Das „Missverständnis“ hinderte die Regierungskoalition nicht daran, am späten Abend des 8. November 2012 fast nebenbei und ohne Debatte die nun umstrittene Änderung der Vorschriften für die Auszahlung von Lebensversicherungen zu beschließen. Diese soll die Versicherer in Zeiten niedriger Zinsen von der Pflicht entbinden, ihre Kunden bei Auslauf oder Kündigung ihrer Versicherung an den Kursgewinnen zu beteiligen, die in den mit dem Geld der Versicherten gekauften Wertpapieren stecken. Erst 2008 hatten Verbraucherschützer mit einer Klage beim Bundesverfassungsgericht erreicht, dass die Kunden wenigstens zu 50 Prozent an diesen Bewertungsreserven beteiligt werden müssten. Diese Pflicht nun teilweise auszusetzen, sei „schon verfasssungsrechtlich gar nicht zulässig“, sagt Axel Kleinlein, Vorsitzender des Bundes der Versicherten, der gut 50 000 Versicherungskunden vertritt. Tatsächlich würde die Neuregelung den demnächst ausscheidenden Kunden erhebliche Verluste von bis zu 10 000 Euro bringen, berichten Verbraucherschützer. Dabei bekommen gerade die Inhaber älterer Lebensversicherungen meist ohnehin nur noch zwei Drittel dessen, was ihnen bei Vertragsabschluss in Aussicht gestellt wurde.
Zur Begründung führte das Finanzministerium gemeinsam mit dem Branchenverband GdV an, dass die derzeit sehr hohen Bewertungsreserven von zurzeit gut 40 Milliarden Euro reine Buchgewinne seien, die sich aus dem Zinstief ergeben.
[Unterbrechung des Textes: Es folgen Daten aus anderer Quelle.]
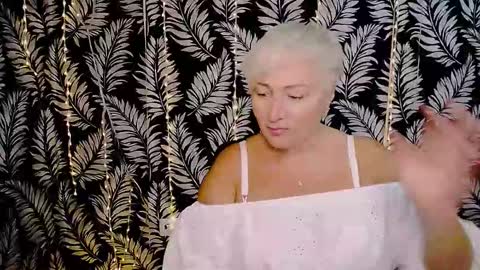 Kelly online show from October 10, 11:38 am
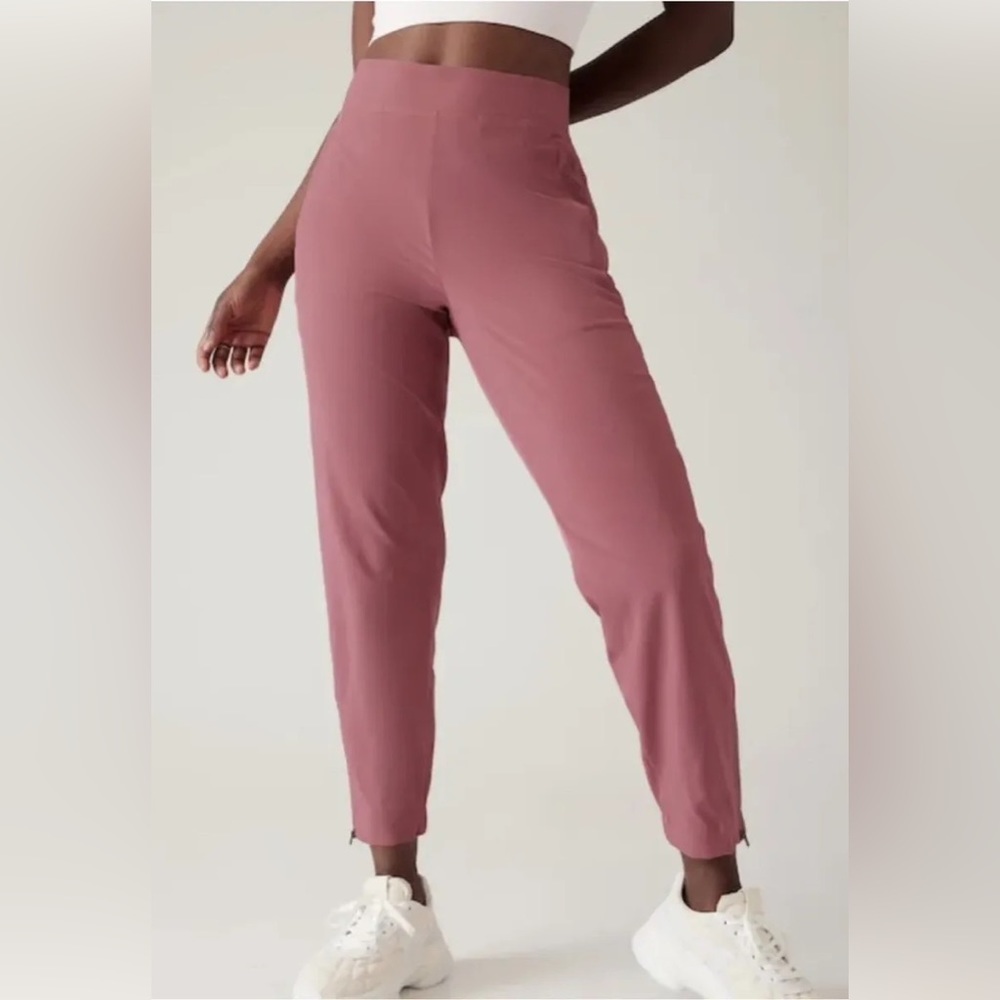 ATHLETA Brooklyn Heights Pink Rose Blush High Rise Jogger Pants 533443 EUC Sz 2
Hochverzinste Anleihen aus früheren Jahren gewinnen mit fallenden Zinsen automatisch an Wert. Würden diese Kursgewinne zur Hälfte ausbezahlt, müssten die Versicherer diese ertragreichen Papiere zum Teil verkaufen. Dann stünden sie aber für die übrigen Kunden, deren Verträge später auslaufen, nicht mehr zur Verfügung. Es müsse daher verhindert werden, „dass die jetzt ausscheidenden Versicherten den Kapitalbestand zulasten der verbleibenden Versicherten zu sehr verbrauchen“, erklärten Minister Schäubles Beamte. Auch die Branchenlobby GdV versicherte, es gehe nur um „mehr Gerechtigkeit innerhalb der Versichertengemeinschaft“.
Was fordern die Verbraucherschützer?
Nach Meinung der Fachleute aus den Verbraucherschutzzentralen ist dies jedoch eine Schutzbehauptung. Anders als bei den staatlichen Sozialkassen gebe es bei den Privaten rechtlich keine Versicherungsgemeinschaft, erklärt die Versicherungsexpertin Edda Castello von der Verbraucherzentrale Hamburg. Vielmehr gebe es vertragliche Ansprüche der Kunden, wozu auch die Bewertungsreserven zählten. Wenn einzelne Unternehmen ihre Verpflichtungen nicht einhalten könnten, „sollten sie vom Markt gehen“.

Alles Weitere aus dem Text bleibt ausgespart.